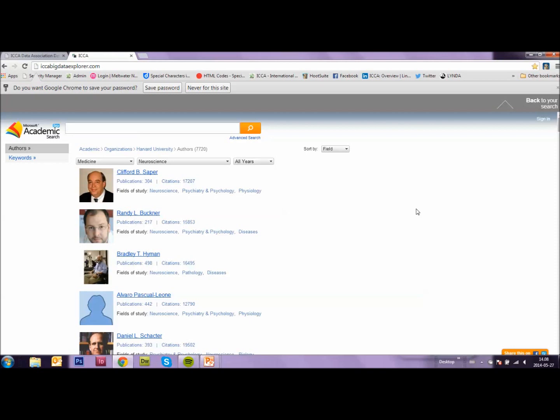Again, in the second phase of development, we would like to link the top universities to your specific location. For the time being, it lists the institutions globally.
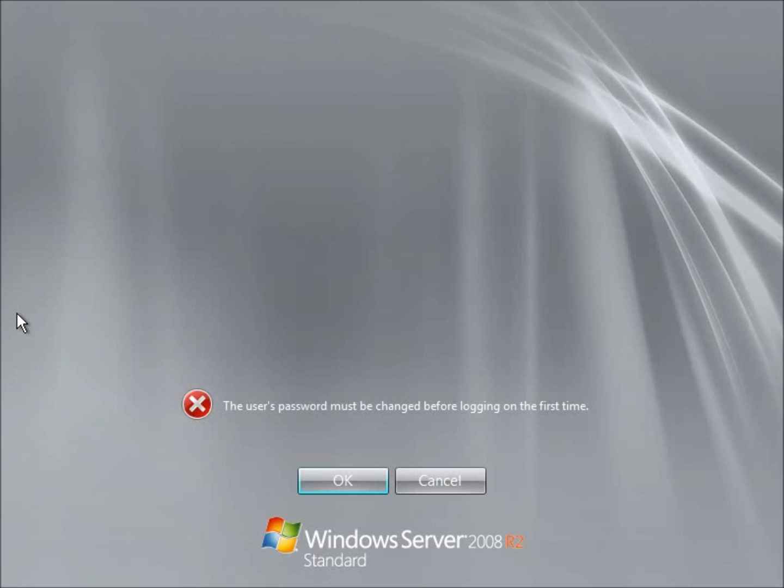After your computer completes the installation, what it's going to do is restart. And then you're going to be prompted here to change the password for the first time you log in. And I'm going to go ahead and choose OK here.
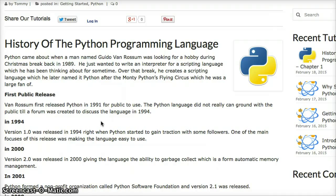It's named after Monty Python's Flying Circus, which was a very funny comedy back in the 80s and 90s. If you haven't seen that, check it out on YouTube — it's actually really funny.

* **YOUR OBJECTIVE**: Skip the images and set down the rest of the data unchanged.

* **EXERCISE SOLUTION**:
Again, in the second phase of development, we would like to link the top universities to your specific location. For the time being, it lists the institutions globally.
After your computer completes the installation, what it's going to do is restart. And then you're going to be prompted here to change the password for the first time you log in. And I'm going to go ahead and choose OK here.
It's named after Monty Python's Flying Circus, which was a very funny comedy back in the 80s and 90s. If you haven't seen that, check it out on YouTube — it's actually really funny.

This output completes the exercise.